Prerequisites
- Basic Knowledge of Kubernetes: Familiarity with pods, deployments, and CRDs
- Golang Development Environment: Go version 1.18 or later
- kubectl and Minikube: For deploying and testing your operator
- Operator SDK: A CLI tool for scaffolding and building Kubernetes Operators
As a Kubernetes user, you’ve likely experienced its power in managing stateless applications. With Kubernetes, you can easily deploy, scale, and manage these applications without much manual intervention.
However, when it comes to stateful applications, things get a bit more complex. These applications require persistent storage, complex configuration, and careful state management. Kubernetes, while powerful, doesn’t natively address these specific needs.
Why are Kubernetes operators needed?
Kubernetes is a fantastic tool for managing your stateless applications. You can easily define the desired state for your applications, and Kubernetes works hard to maintain it. For instance, you can deploy a Nginx deployment with 3 replicas, and Kubernetes ensures they’re all up and running, ready to handle web traffic.
But what about your stateful applications? These are the ones that require persistent storage, complex configuration, and careful state management. Kubernetes, while powerful, doesn’t natively handle these complexities. This is where Kubernetes Operators come to the rescue. They automate the management of stateful applications, handling tasks like:]
- Configuration: Ensuring your application is configured correctly.
- Scaling: Automatically scaling your application up or down based on demand.
- Backups: Taking regular backups of your data to protect against failures.
- Upgrades: Seamlessly upgrading your application to newer versions.
For example, a PostgreSQL operator can automate the entire lifecycle of a PostgreSQL database, from initialization to scaling and backups.
In this blog, we'll dive into the world of Kubernetes Operators, exploring how to build your own in Golang. We'll even build a simple "PodWatcher" operator to demonstrate the core concepts.

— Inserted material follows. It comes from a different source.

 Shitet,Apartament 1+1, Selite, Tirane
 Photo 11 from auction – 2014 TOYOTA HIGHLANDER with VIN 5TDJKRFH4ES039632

Key concepts of writing an operator
- Custom resource definitions - The purpose of Custom Resource Definitions is to extend the Kubernetes API with custom resource types. For example we can define a resource like PodWatcher with custom fields such as labelSelector or emailAddress. This enables users to create and manage domain-specific objects in Kubernetes.
- Custom resources - Instances of the custom resource type defined by a CRD.
- Controllers - Controllers reconcile the actual state of a resource with its desired state, as defined in the CR. They continuously observe resources and check if the actual state matches the desired state and take corrective action to achieve the desired state.
- Reconciliation - The core logic of an Operator that ensures the actual state matches the desired state.
- Informers - Cache resource states and notify controllers of changes.
- Watchers - Provide real-time event streams from the Kubernetes API.
- Service accounts and RBAC control the permissions an Operator has in the cluster.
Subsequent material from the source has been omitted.